Şöyle bir kelam vardır; Mukadderat çabaya aşıktır diye…
Öylesine bir maçtı ki mümkün bir puan kaybında Fenerbahçe bir ay içinde Avrupa, Kupa ve ligden uzaklaşacak ve kulüp olarak tam bir kaos içine girecekti. Lakin ikinci yarı o denli bir Fenerbahçe izledik ki bir futbolsever olarak maçın hiç bitmesini istemedik.
Oysa birinci yarıda işler hiç âlâ gitmedi. Belirli ki Fenerbahçe bu yarıda hala Galatasaray maçının etkisindeydi. Moraller düşük, psikoloji yerlerdeydi. Üstelik bir de Mourinho’nun takım yanlışlığı vardı.

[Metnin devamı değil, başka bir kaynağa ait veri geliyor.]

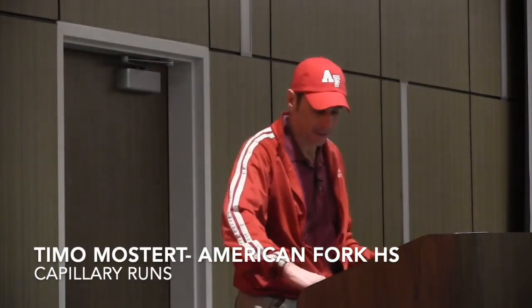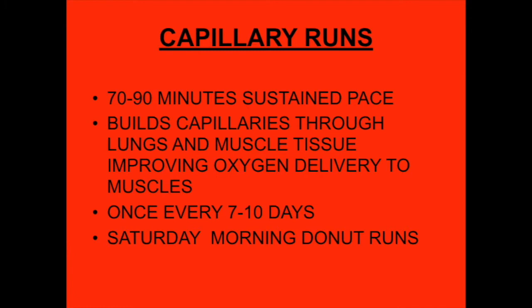The next thing is capillary runs. This is, I think, one of the two most important things that we actually changed in training. The other things were structural — how we change the whole team, the whole program — but this is down to nuts and bolts.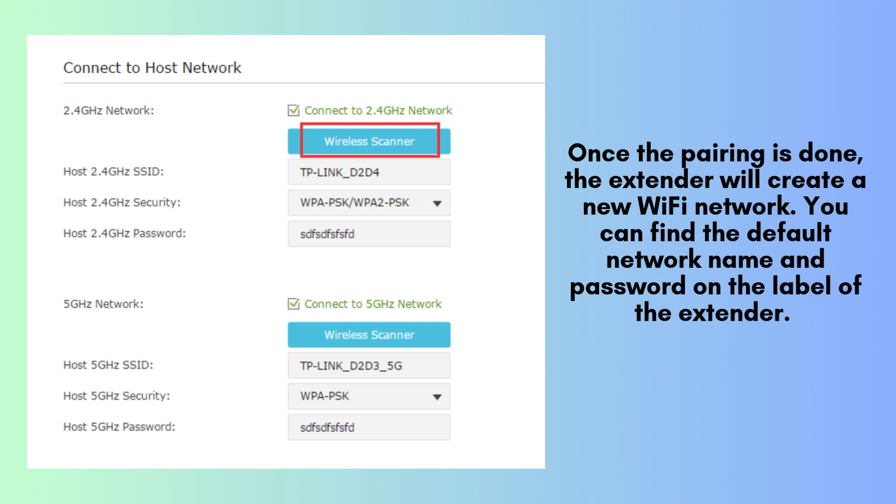After pairing is complete, the extender will generate a new Wi-Fi network. You can find the default network name (SSID) and password printed on the label attached to the extender. Use these details to connect your devices to the extended network.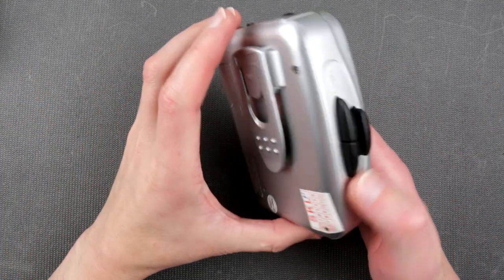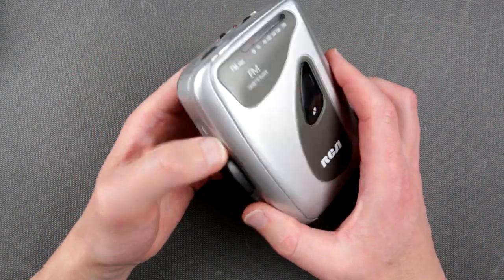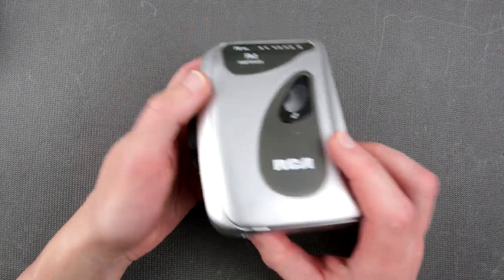Hello, hello my dear friends! Welcome to Incendato Electronics. Today we have yet another cassette player — I have a bunch of those and we'll be going through a pile of them for quite a while. Keep that in mind. So today we have RCA!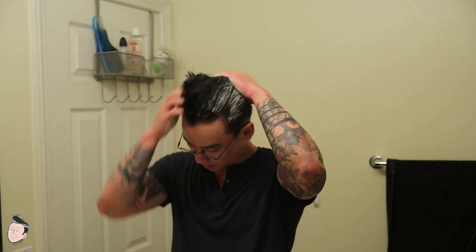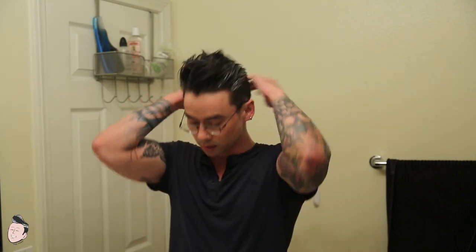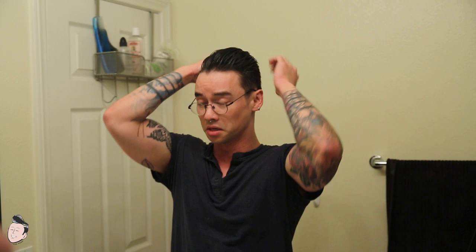You probably noticed my hair is a little shorter. My barber just took it way too far. He was like, 'You want a trim?' I was like, 'Yeah, just a little bit.' But 20 minutes later, most of my hair was gone. Hair grows back though. I also waited a little before reviewing this because I wanted to make sure my hair was long enough so you guys can actually see what the pomade can do.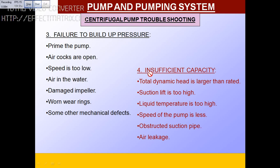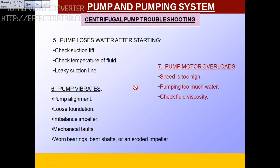The fourth condition: insufficient capacity. If the total dynamic head is larger than the rated one, there will be a problem. If the suction lift is too high beyond design, or if the liquid temperature is too high, there will be a problem. Check the RPM if the pump speed is less. If there is obstruction in the suction pipe, it won't work properly. Air leakage will cause similar problems.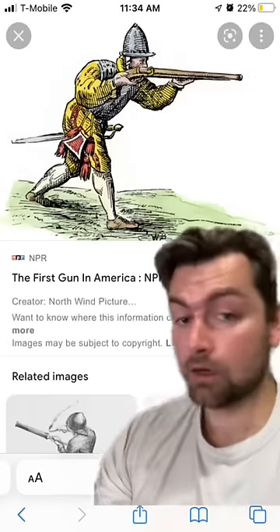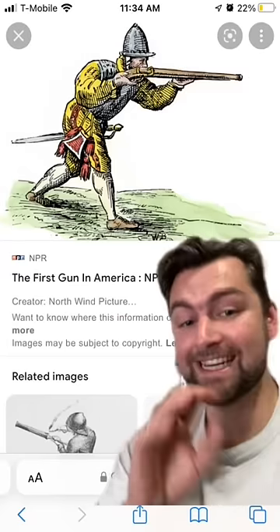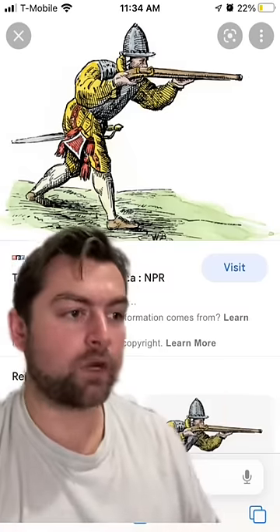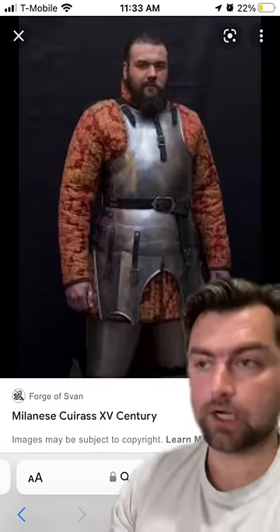In the early days of firearms, armor did actually stop these weapons. Early gunpowder weapons like the arquebus were very slow to reload and they weren't very accurate, but they did have good penetrative power at close range. Once one of these weapons was fired, the majority of its kinetic energy was typically lost after around 50 meters.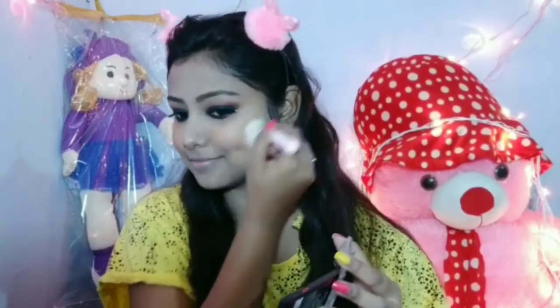I will use Wet n Wild blush in a peachy shade. I will apply it to my apples of the cheeks and nose.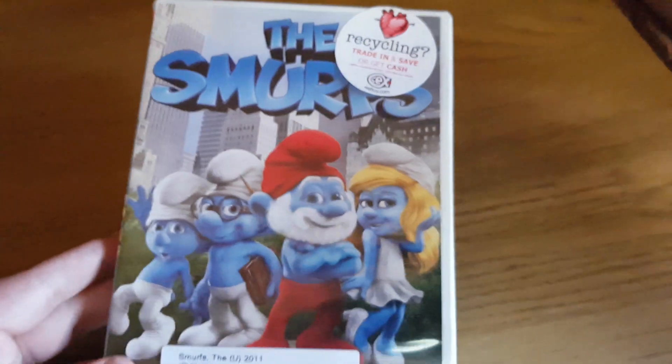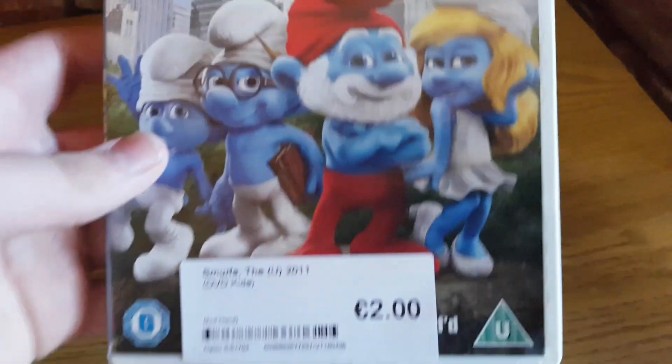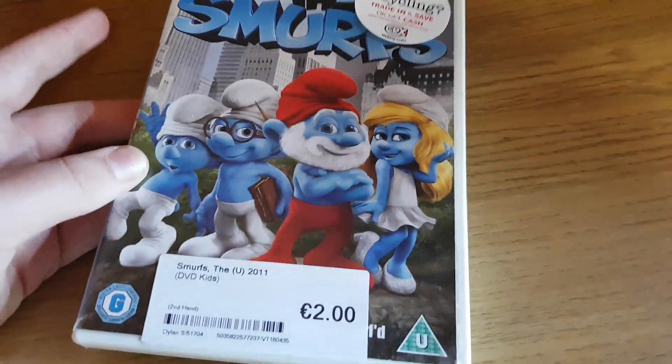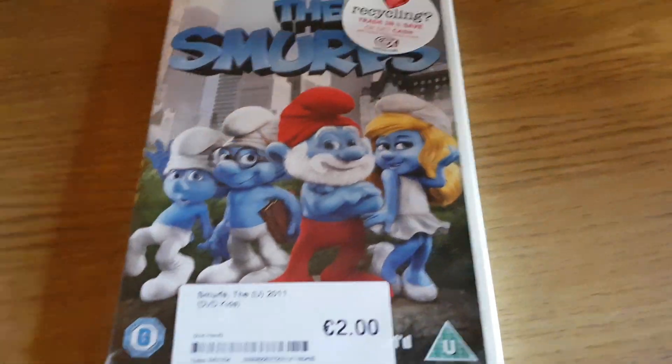Here it is — the Smurfs, and it's the 2011 version. Here's the front, with Clumsy, Brainy, Papa Smurf and Smurfette in CGI forms. A lot of people say this movie isn't good, but I actually really like it. But if you hate this movie, you know the drill.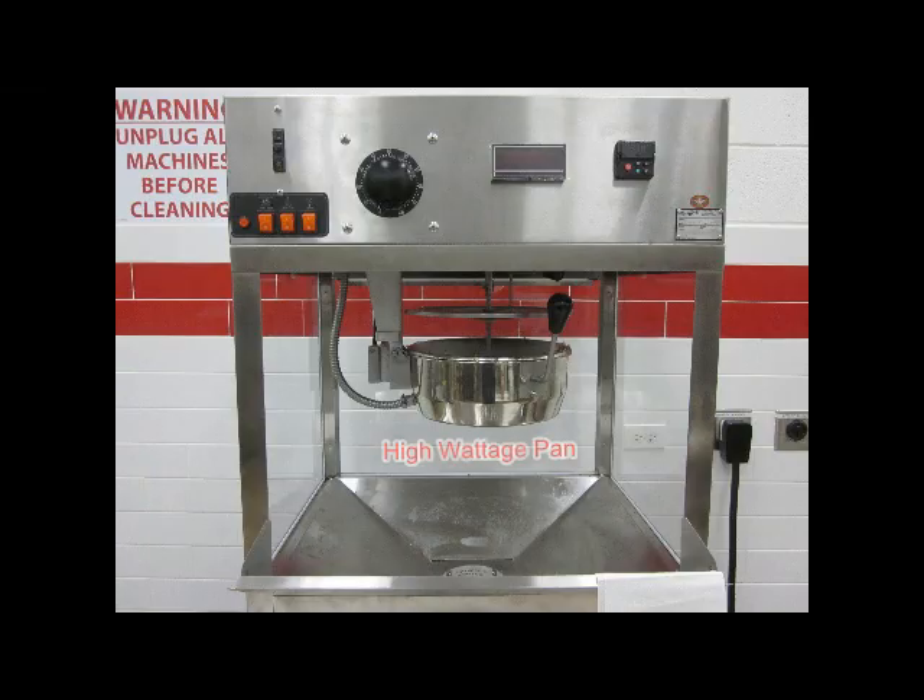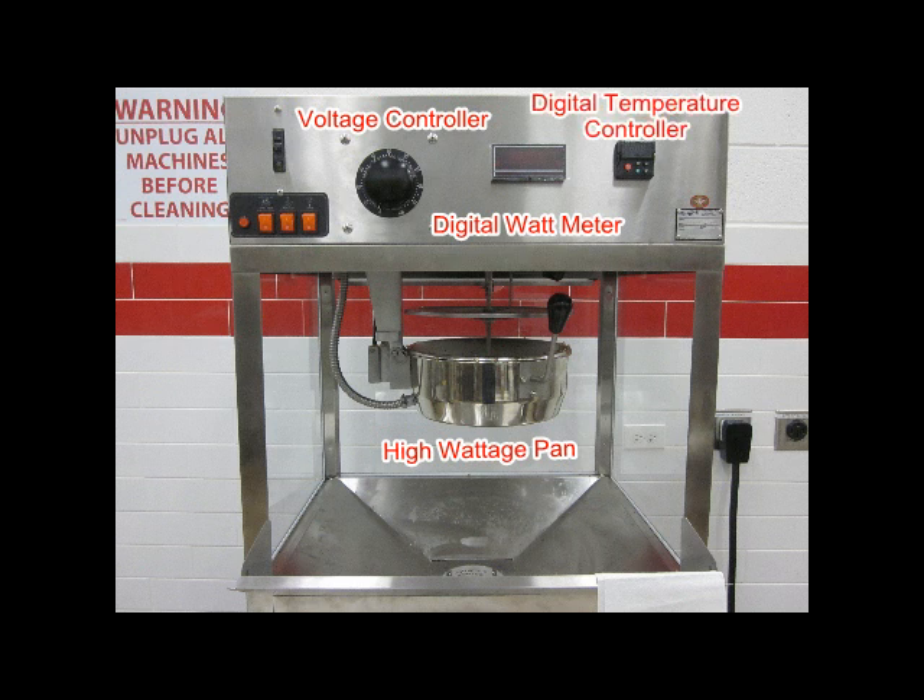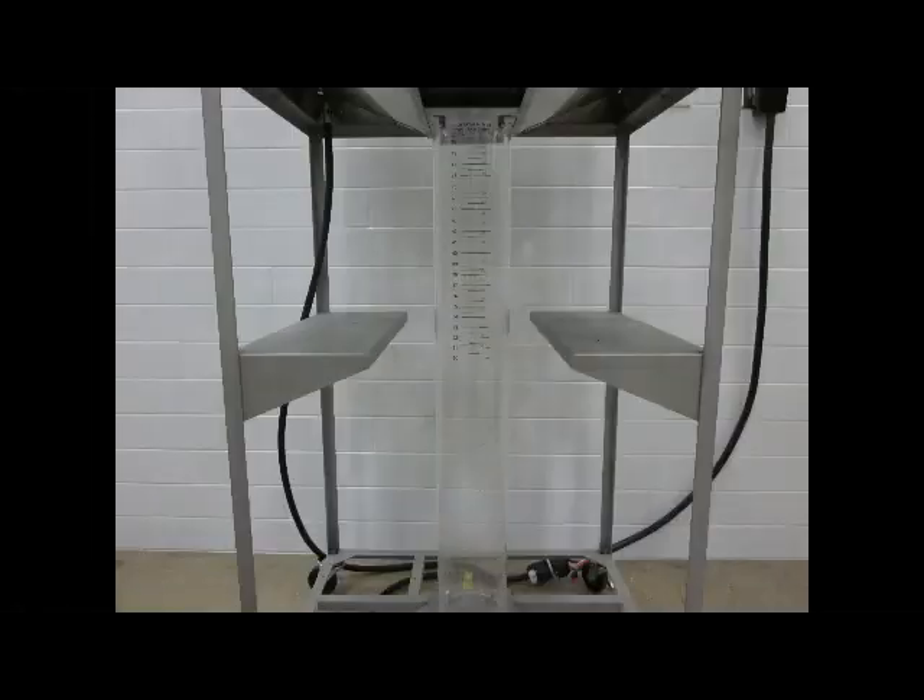The main features of the tester are a high wattage pan, voltage control to permit exact control of the pan wattage, a digital wattmeter to display the wattage of the kettle, a digital temperature controller to ensure accurate oil temperature, and a measuring tube — a large diameter tube to limit bridging of the popcorn in the tube.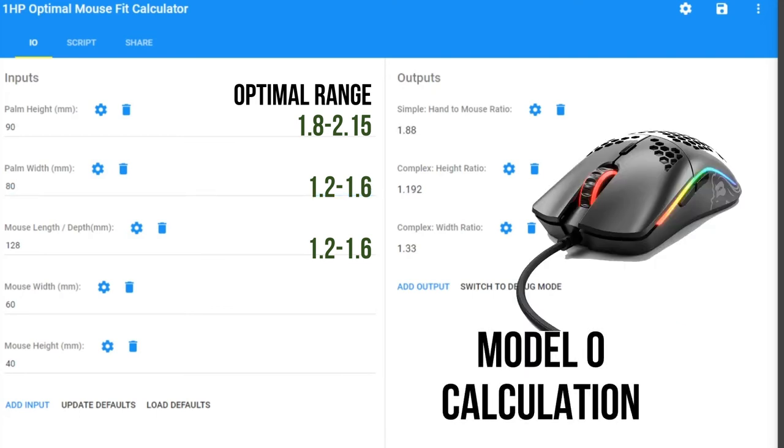The Model O has a length of 128mm, width of 59mm, and height of 37.5mm. The speaker fits within range for both calculations and can comfortably use it. However, Elliot's wider hands make this mouse a little too small for him — he cannot use the Model O.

Tadiç aslında fizik ve ruhsal olarak çok geriye gitmiş. Asıl kesilmesi gereken oyuncu oyken Oğuz’u ya da İrfan Can’ı kesen Mourinho’nun muhakkak ki başı karışık. Dzeko’yu anlarım. Zira En Nesyri ramazan ayının başından itibaren formsuz. Ramazan bitti hala formsuz. Fakat Tadiç hiç olmadı.
Buna karşın birinci yarıda Fenerbahçe öne geçebilecek durumlar buldu. Hatta bir adedinde Amrabat baskıyla kaptığı topu Dzeko’ya verse bu oyuncu neredeyse boş kaleye golü atabilirdi. Lakin o kendi vurmayı tercih etti. Doğal bir de Uğurcan faktörü. Bu kadar ıslak yerde Maximin’in şutunu o denli bir önledi ki her kalecinin harcı değil.
Belki Fenerbahçe ikinci yarıya daha rahat ve inançlı girebilirdi. Lakin uzatmalarda gelen gol her şeyi alt üst etti.
Mourinho ikinci yarıya yalnızca Djiku’yu çıkarıp Talisca’yı alarak başladı. Amrabat’ın da yerini değiştirdi. Tadiç’i bıraktı.
Mou’nun ideolojisi şu; oturduğun yerden mucize yaratamazsın. O da o denli yaptı. Bu sene yalnızca birkaç maçta değerli dokunuşlar yaptı. Bu maç onlardan birisi. Aslında bizim tanıdığımız Mourinho da bu.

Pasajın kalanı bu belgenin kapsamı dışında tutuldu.